In Sickness and Health
In 1645, a maidservant working in the household of Mr Walker of Chapel Wynd received a sad gift. Her aunt, who lived in Leith, had recently died, and had left her worldly possessions to her only living relative. That legacy consisted of a trunk of clothes, which was delivered to the grieving niece. Unfortunately, fleas lurked in the folds of cloth. Worse still, they were fleas from black rats, and they were carrying disease and disaster. Bubonic Plague arrived in Peterhead, bringing death and devastation.
Mr Walker’s household were among the first to succumb. As the sickness spread, so did the terror. God’s wrath had fallen on Peterhead, and the population were hysterical with fear. At first, people carried the sick to the tollbooth. This was too close to the settlement for comfort, and was burned to the ground to purify the site and remove it as a source of infection. Eight huts were hastily built on the Ive, just outside town, creating Peterhead’s first Isolation Hospital. Alas, nursing care was not provided. Plague sufferers were carried to the huts and abandoned to their fate. Death was inevitable. Most victims died within hours of symptoms appearing, and their suffering was terrible.
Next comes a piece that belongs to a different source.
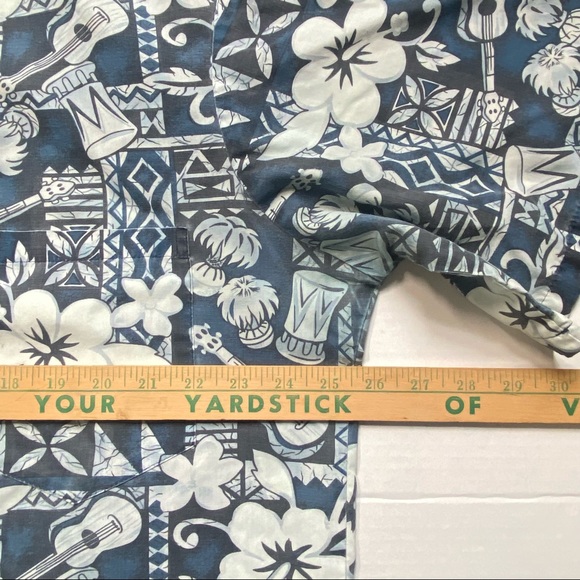 The Hawaiian Original Hilo Hattie Men's Shirt Guitar Ukelele Flowers Size XL USA - Picture 5 of 14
The plague eventually ran its course and life in town returned to normal, but nobody went near the huts on the Ive, some open ground on the outskirts of town, close to the Gadle Braes. A century passed, and still the area was avoided. Eventually, the town council sought advice from eminent doctors in Edinburgh, who declared it safe to clear the huts and create a public park, for all to enjoy. In 1933, this land was used to build housing for Peterhead’s growing population.
The first true fever hospital in the town opened in 1865, in response to a cholera outbreak in parts of Britain. Any seafarer arriving in the port who was suspected of having the disease would not be allowed to enter the port. Instead, they would be taken by small boat to Almanythie Creek, opposite the hospital. This building was replaced in 1880, with the new Fever Hospital on the site of the plague huts. It was demolished to make way for housing. The current hospital was built on a new site. Building work began in 1905, and the cost was £4,000.